Over the past week, the Biden Administration and Senate Democrats have released proposals to change how the U.S. taxes multinational companies.
American Jobs Plan and Made in America Tax Plan
President Biden unveiled a broad outline of a $2 trillion jobs proposal focused on infrastructure and climate initiatives. Funding for the plan would be achieved in part through tax changes aimed at corporations.
The “American Jobs Plan” would heavily invest in rebuilding infrastructure and shift to greener energy over the next eight years. Further details of the American Jobs Plan are available in the White House Fact Sheet.
Along with the American Jobs Plan, the Biden Administration laid out the “Made in America Tax Plan” which proposes changes that will raise over $2 trillion over the next 15 years.

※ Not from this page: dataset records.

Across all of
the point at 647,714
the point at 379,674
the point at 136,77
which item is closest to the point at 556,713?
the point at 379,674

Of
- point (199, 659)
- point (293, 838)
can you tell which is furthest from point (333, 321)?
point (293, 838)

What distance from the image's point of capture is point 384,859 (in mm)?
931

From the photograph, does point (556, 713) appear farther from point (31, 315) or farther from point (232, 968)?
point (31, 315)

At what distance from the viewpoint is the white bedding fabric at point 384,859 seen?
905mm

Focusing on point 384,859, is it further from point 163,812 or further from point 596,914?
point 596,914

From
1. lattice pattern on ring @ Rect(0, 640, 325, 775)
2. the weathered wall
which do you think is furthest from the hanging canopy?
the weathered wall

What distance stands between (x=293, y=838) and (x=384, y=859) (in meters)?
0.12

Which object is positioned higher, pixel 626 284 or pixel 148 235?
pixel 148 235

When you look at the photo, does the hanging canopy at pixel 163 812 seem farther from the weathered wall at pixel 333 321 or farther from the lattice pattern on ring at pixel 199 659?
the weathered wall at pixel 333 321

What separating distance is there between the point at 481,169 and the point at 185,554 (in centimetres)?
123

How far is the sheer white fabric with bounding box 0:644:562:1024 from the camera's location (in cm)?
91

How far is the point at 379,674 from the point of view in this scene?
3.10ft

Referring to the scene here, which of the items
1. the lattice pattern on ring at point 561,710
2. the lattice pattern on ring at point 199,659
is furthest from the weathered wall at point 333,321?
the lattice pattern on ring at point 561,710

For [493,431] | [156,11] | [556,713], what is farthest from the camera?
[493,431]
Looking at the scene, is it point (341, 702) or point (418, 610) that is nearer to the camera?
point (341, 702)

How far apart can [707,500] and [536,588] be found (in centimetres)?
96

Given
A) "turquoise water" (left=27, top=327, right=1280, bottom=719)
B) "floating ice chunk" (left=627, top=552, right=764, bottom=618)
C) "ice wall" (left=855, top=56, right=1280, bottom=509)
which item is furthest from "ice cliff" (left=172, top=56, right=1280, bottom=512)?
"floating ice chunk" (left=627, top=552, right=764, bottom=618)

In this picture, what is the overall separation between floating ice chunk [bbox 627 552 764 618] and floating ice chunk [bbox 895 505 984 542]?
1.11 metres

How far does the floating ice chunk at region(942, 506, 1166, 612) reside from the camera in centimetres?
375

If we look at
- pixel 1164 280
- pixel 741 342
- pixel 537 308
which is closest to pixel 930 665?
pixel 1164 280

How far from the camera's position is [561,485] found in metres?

Key tax proposals of the Made in America Tax Plan as listed in the White House Fact Sheet:
- Increase the corporate tax rate from 21% to 28%
- Create a new corporate minimum tax of 15% on “book income” of large corporations
- Increase IRS corporate enforcement budget
- Increase the tax rate on global intangible low-taxed income (“GILTI”) from 10.5% to 21%, eliminate the 10% return on tangible assets (QBAI) and institute a country-by-country calculation
- Elimination of the foreign derived intangible income (“FDII”) deduction
- Tightening anti-inversion rules making it harder for U.S. corporations to invert
- Disallow certain expense deductions for companies offshoring jobs and provides credits to support onshoring jobs
- Enact a new rule disallowing profit-stripping deductions for payments made to foreign corporation if the foreign corporation is “based in a country that does not adopt a strong minimum tax”. This proposal may signal a possible repeal of the base erosion and anti-abuse tax (“BEAT”) as the fact sheet states that this proposal will replace “an ineffective provision in the 2017 tax law that tried to stop foreign corporations from stripping profits out of the United States”
- Eliminates tax preferences for fossil fuels
The plan also indicates that additional proposals relating to individual taxation will be forthcoming.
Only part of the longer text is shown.